Data section:
BEGIN

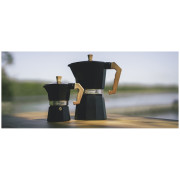 Cafetiera Outwell Brew Espresso Maker L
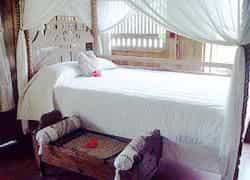 Villa Wanakerta Villa Wanakerta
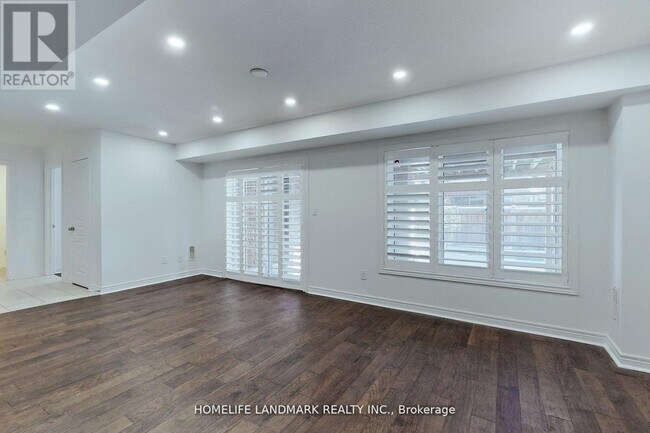Building Photo - 61 Rumsey Rd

END

Problem: Write the data above out again exactly, minus its pictures.

Response below:
 Cafetiera Outwell Brew Espresso Maker L
 Villa Wanakerta Villa Wanakerta
Building Photo - 61 Rumsey Rd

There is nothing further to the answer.